### [SUPPLIED MATERIAL]
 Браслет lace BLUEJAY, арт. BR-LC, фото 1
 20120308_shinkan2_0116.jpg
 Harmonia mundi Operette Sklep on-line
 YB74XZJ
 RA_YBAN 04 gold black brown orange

---

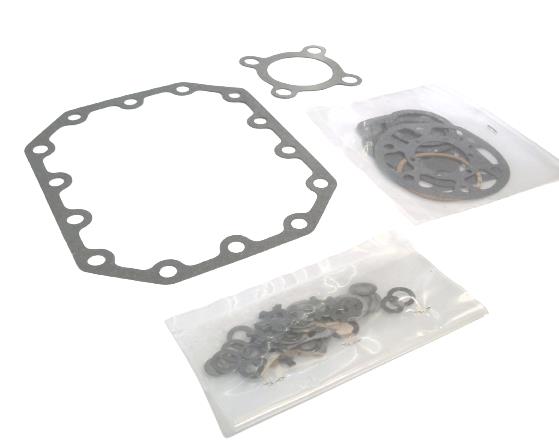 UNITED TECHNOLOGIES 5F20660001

### [WHAT THE TASK REQUIRES]
Of the entries above, transcribe exactly those lines that fall between the line containing "Браслет lace BLUEJAY, арт. BR-LC, фото 1" and the line containing "RA_YBAN 04 gold black brown orange", together with those two lines.

### [OUTPUT OF THE EXERCISE]
 Браслет lace BLUEJAY, арт. BR-LC, фото 1
 20120308_shinkan2_0116.jpg
 Harmonia mundi Operette Sklep on-line
 YB74XZJ
 RA_YBAN 04 gold black brown orange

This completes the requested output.